• Input data
■ ■ ■

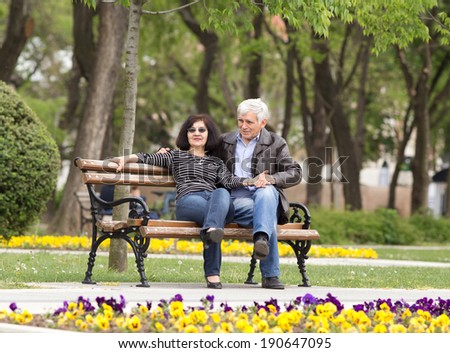 Older couple in hug sitting on bench in park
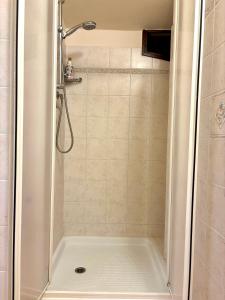a bathroom with a shower with a tub at La Torretta del Sementone in Assisi +9 photos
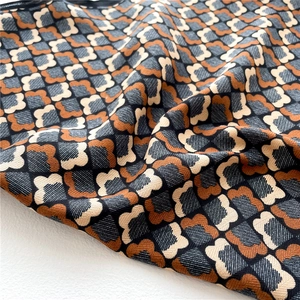 Détail du tissage à chevrons et motif floral sur une écharpe en coton et lin doux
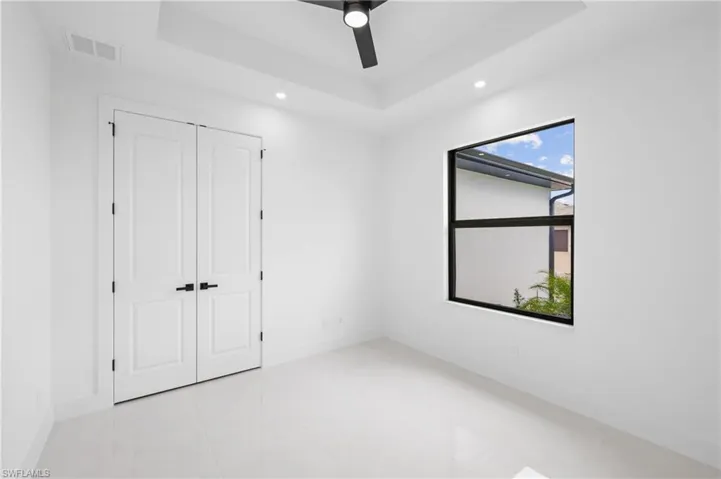Tiled spare room with a tray ceiling and ceiling fan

■ ■ ■

• Problem details
Copy exactly, and only, the lines running from the one containing "a bathroom with" through the final line of the data, and omit the pictures.

• Final answer
a bathroom with a shower with a tub at La Torretta del Sementone in Assisi +9 photos
 Détail du tissage à chevrons et motif floral sur une écharpe en coton et lin doux
Tiled spare room with a tray ceiling and ceiling fan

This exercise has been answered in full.